In those sets, the Wildcats couldn’t hold their early leads as Leonardtown tied the first set at 15 and 16 and took an 11-10 lead in the second. Each time, the Wildcats recovered with a run that put them ahead by at least five and the Raiders couldn’t catch up.
In the third set, the Wildcats were determined to close out the match and not get pushed to a fourth set as happened in their 3-1 state semifinal win over Montgomery County’s Sherwood Tuesday evening.
“Leonardtown is well known for being able to dig themselves out of that,” Yuscavage said, “so we knew giving them a fourth set could easily be disastrous for us, so our focal point was, ‘You are here now you must do it now.’”
Still, the Raiders jumped out to an early lead. A three-point run on an Arundel net violation, a Samantha Newton kill and a Kira Snyder ace gave them a 7-5 edge. The Wildcats made sure their momentum didn’t last long.
Arundel senior middle blocker Kiaya Walker slammed down a kill for a side out and then blocked a Newton hit. Junior Emily Liu had an ace and another serve the Raiders couldn’t handle before sophomore Payton Swinton’s kill capped a five-point run for a 10-7 lead.
The Raiders pulled within one twice, but the Wildcats’ net dominance helped them finish off the match as Ragler had three blocks for consecutive Arundel points and when she rotated out of the front row, the final two points came on blocks from Walker and Swinton.
When Swinton repelled a Newton kill for match point, Walker dropped to the floor and the Wildcats piled all over each other in celebration.
“I told Payton that was the best block,” Ragler said. “That was the best way to end a point. I wanted to run up to her and just hug her so hard… but we all just crashed into each other.”
Two years ago, Yuscavage felt more relief than anything at winning the state championship because the Wildcats had been to the final or the semifinal five times previously without taking home the trophy.
This championship evoked different emotions.

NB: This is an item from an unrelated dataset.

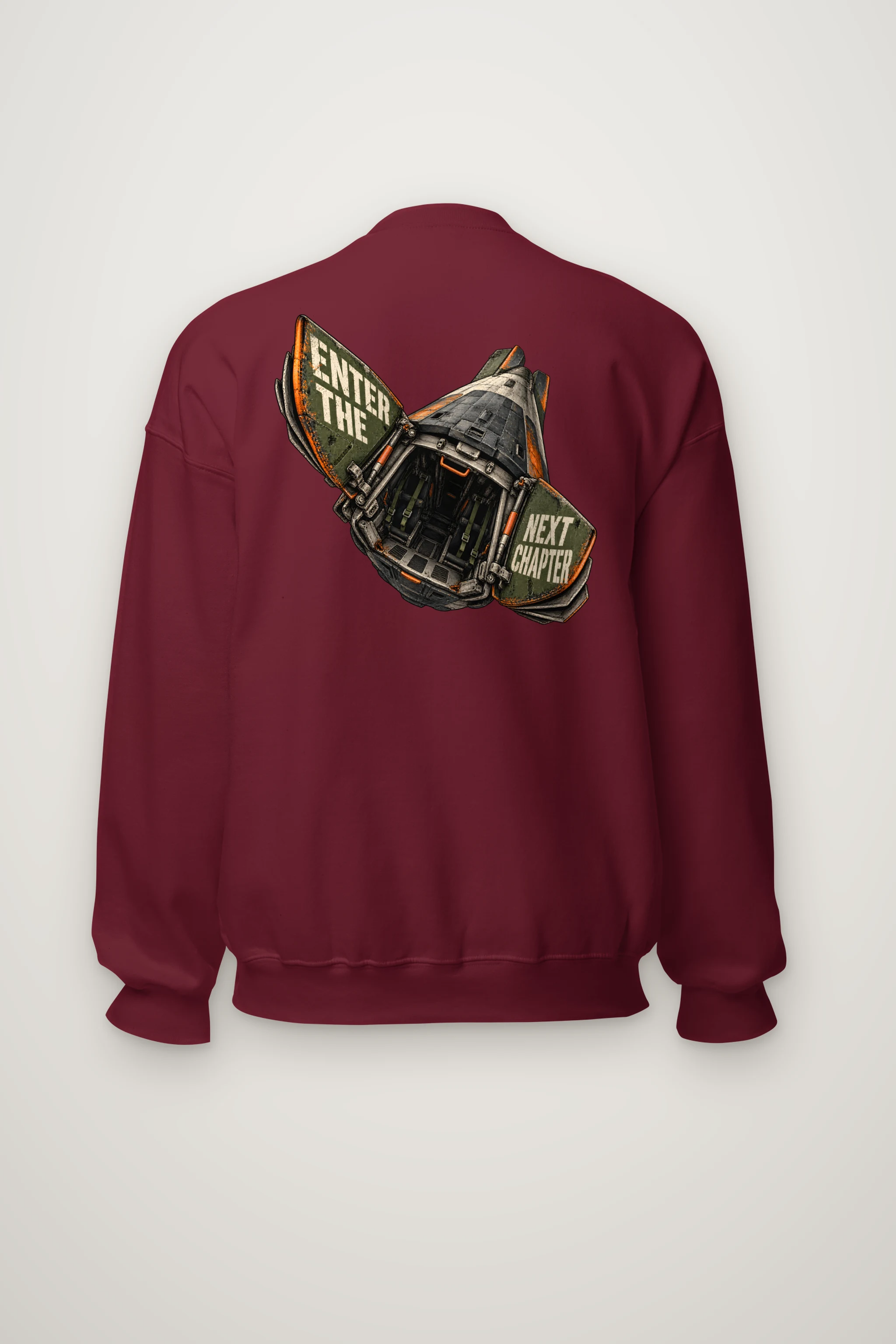 "Enter the Next Chapter" Heavy Blend Unisex Crewneck Sweatshirt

“I felt more confident going in than we had (in the past) and I think it was just pure delight at that moment seeing their faces and seeing that dogpile,” said Yscavage, in her 15th season at Arundel.
Since falling to Broadneck Sept. 30, the Wildcats have won 14 straight matches and dropped just six sets — only one in the state playoffs.
“It feels amazing,” Barnes said. The “2019 team was such a different team, such a different dynamic… I think we all still came together with that same mindset of winning states just like in 2019, but we kind of approached it in a different way and I think that’s a really beautiful thing to be a part of and to have watched these past three years, just the team change — but the team culture never changes.”
Outside hitters Owens and Swinton finished with five kills each for the Wildcats, who were the only volleyball team to repeat as state champions this year. Niles had 14 assists and 13 digs while Barnes dished out nine assists and had five digs and three block assists. Senior libero Alannah Quick had eight digs.
The Raiders, who hadn’t reached the final four since 1986, got 11 kills from outside hitter Newton and 10 from middle hitter Shannen Litten. Setter Snyder had 23 assists. Newton and libero Emily Gaddis combined for 21 digs. All were among Leonardtown’s nine seniors who completed the best season in the history of the Southern Maryland school.